───── DATA SECTION ─────
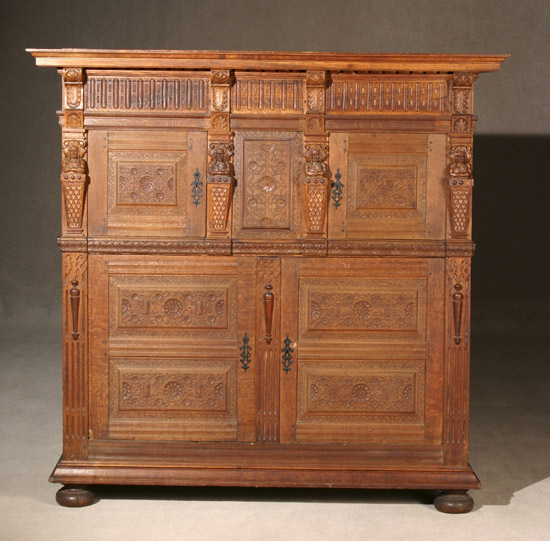 Appraisal: Pilgrim Century Style Carved Oak Two-Part Press Cupboard th- th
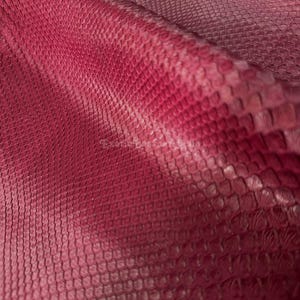 Puede incluir: Primer plano de una hoja de cuero de piel de serpiente roja y rosa. El cuero tiene un patrón texturizado en forma de escamas. El color pasa de un rojo intenso a un tono rosa más claro.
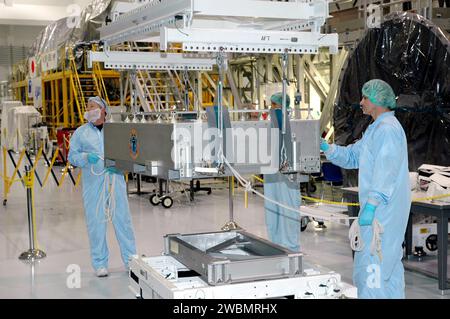 RAUMFAHRTZENTRUM KENNEDY, FLA. - Techniker in der Verarbeitungsanlage der Raumstation bereiten die DTO-Box (Thermal Protection System Detailed Test Objective) vor, die auf den Lightweight Multi-Purpose Experiment Support Structure Carrier (LMC) gehoben werden soll. Es wird auf dem leichten Mehrzweck-Experiment Support Structure Carrier (LMC) platziert, um mit dem Space Shuttle Discovery für die Mission STS-114 zu fliegen. Das DTO enthält Fliesenproben, mit denen Astronauten neue Reparaturtechniken für das Wärmeschutzsystem auf der Umlaufbahn testen können. Das Startfenster für die Mission STS-114 ist vom 12. Mai bis 3. Juni. Stockfoto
─────
WORK INSTRUCTIONS — The lines from the beginning of the listing above through the line holding "Puede incluir: Primer" are to be duplicated exactly, and the pictures omitted.

RESPONSE —
 Appraisal: Pilgrim Century Style Carved Oak Two-Part Press Cupboard th- th
 Puede incluir: Primer plano de una hoja de cuero de piel de serpiente roja y rosa. El cuero tiene un patrón texturizado en forma de escamas. El color pasa de un rojo intenso a un tono rosa más claro.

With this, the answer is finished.